LEONARDO SACCO: L’UOMO DEI DUE MONDI
C’è un filo rosso – spesso intriso, sempre opaco – che collega le due inchieste su Isola Capo Rizzuto: da un lato l’asse imprenditoriale-giudiziario che porta il nome di Fernando Poerio e il processo Jonny, dall’altro la dimensione relazionale e sociale, emersa nelle recenti cronache della riconferma elettorale della sindaca Vittimberga, dove alla festa della vittoria comparivano soggetti pregiudicati e appartenenti alle stesse reti di potere.
Nel cuore di entrambe le narrazioni si staglia, come un’ombra lunga e ancora ingombrante, la figura di Leonardo Sacco: ex responsabile della Fraternita di Misericordia e condannato per mafia nel processo Jonny.
Sacco non era un semplice “colletto bianco prestato alla mafia”: era il mediatore tra istituzioni e cosche, l’uomo che sapeva sedersi al tavolo con prefetti, politici e boss.
È lui che ha gestito per anni il CARA “Sant’Anna”, diventandone amministratore e regista occulto, dietro l’apparenza della carità.
È lui che, secondo la DDA, ha favorito il business criminale del clan Arena attraverso appalti, assunzioni, forniture e “partnership” con imprenditori come Poerio.

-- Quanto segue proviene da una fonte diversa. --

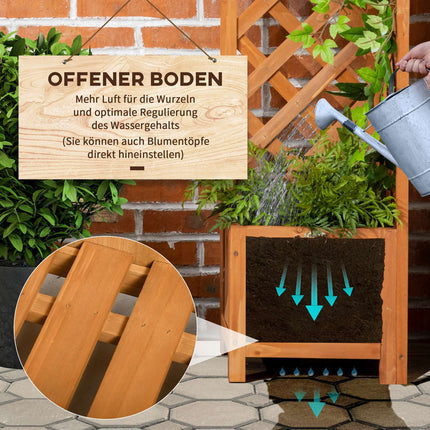 Garden plant box with trellis, natural wood, 32x32x108 cm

Ed è ancora il suo retaggio sociale e politico a galleggiare, simbolicamente, in certi ambienti che oggi rivendicano legittimità istituzionale, mentre attorno a loro si moltiplicano sequestri, interdittive antimafia, processi e pentiti.
Leonardo Sacco è il punto d’intersezione tra la mafia della strada e quella delle cooperative, tra la ‘ndrangheta vecchio stampo e quella che si veste da ONG, da operatore sociale, da benefattore.
Un sistema di relazioni che non si spezza con una condanna penale, ma che continua a influenzare dinamiche politiche, sociali e imprenditoriali nella Isola Capo Rizzuto del 2025.
“Il potere non si cancella. Si sposta. E a volte, si presenta col sorriso di chi porta aiuti umanitari.”
Ecco perché non si può parlare del clan Arena senza parlare di Leonardo Sacco. E viceversa.
Due volti, una sola struttura: quella criminale, sociale e culturale che lo Stato sta ancora provando a decostruire.